▸ **Information supplied**:
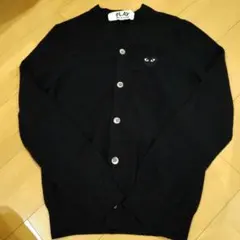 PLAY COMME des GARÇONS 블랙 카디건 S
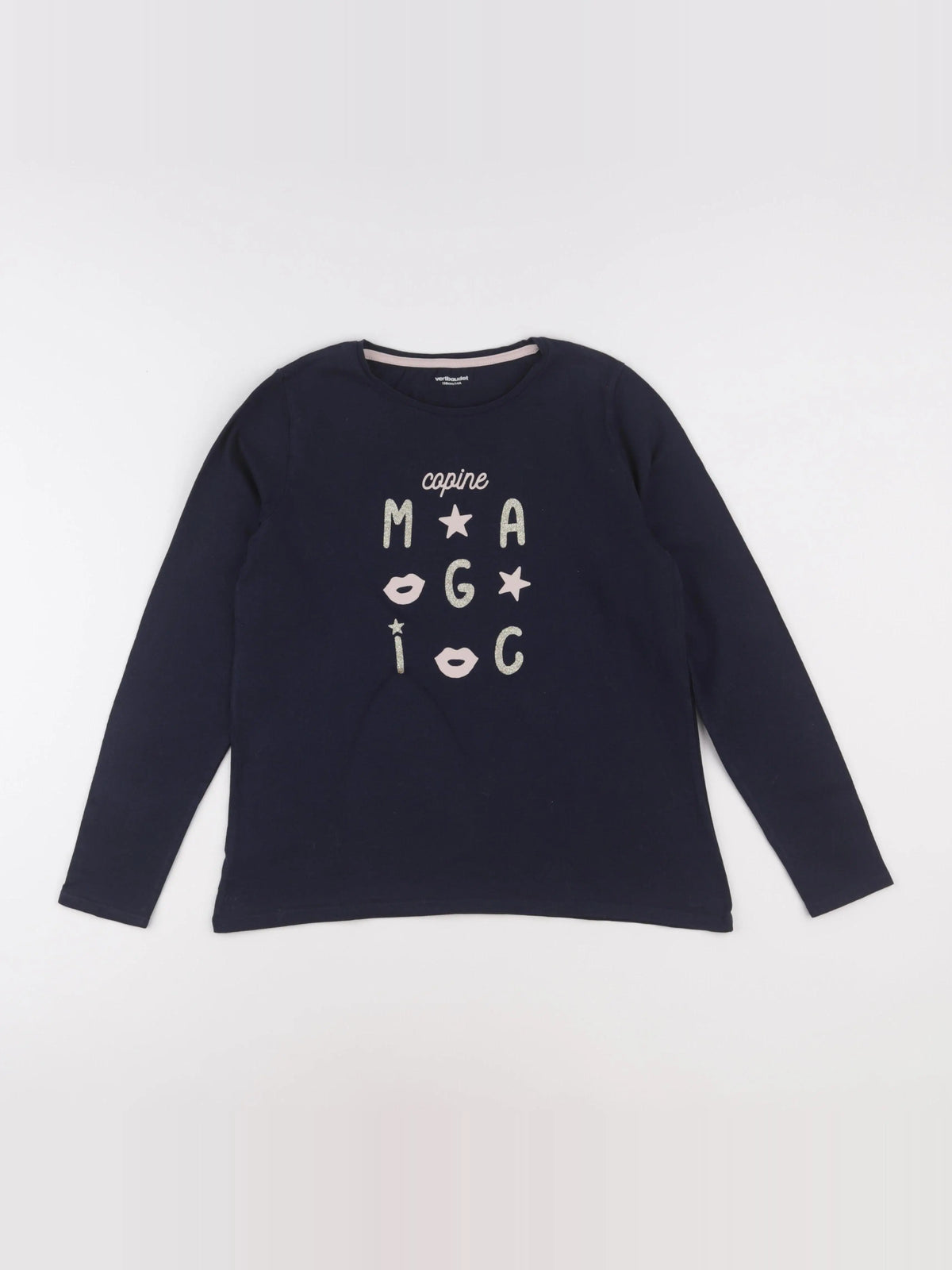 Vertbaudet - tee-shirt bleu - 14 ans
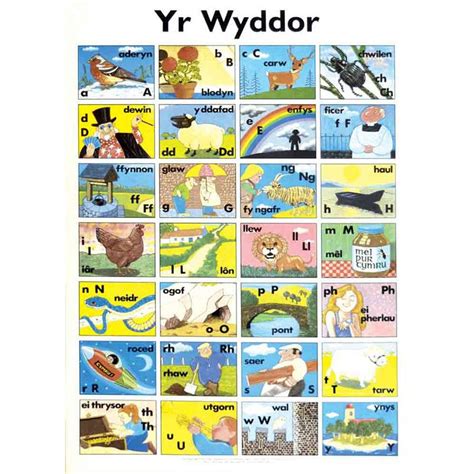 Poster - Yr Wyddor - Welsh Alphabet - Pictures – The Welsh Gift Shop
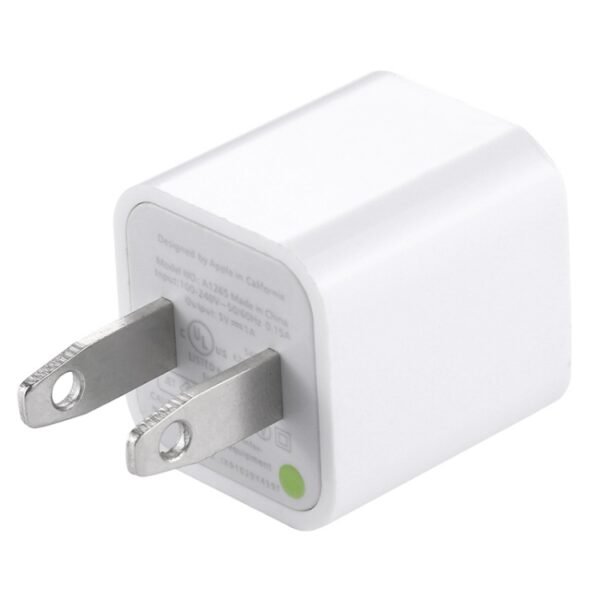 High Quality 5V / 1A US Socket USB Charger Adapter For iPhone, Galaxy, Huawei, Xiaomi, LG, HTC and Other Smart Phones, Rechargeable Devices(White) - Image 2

▸ **Goal of the exercise**:
Each line of the data needs to be output exactly, with any image excluded.

▸ **Problem solution**:
 PLAY COMME des GARÇONS 블랙 카디건 S
 Vertbaudet - tee-shirt bleu - 14 ans
 Poster - Yr Wyddor - Welsh Alphabet - Pictures – The Welsh Gift Shop
 High Quality 5V / 1A US Socket USB Charger Adapter For iPhone, Galaxy, Huawei, Xiaomi, LG, HTC and Other Smart Phones, Rechargeable Devices(White) - Image 2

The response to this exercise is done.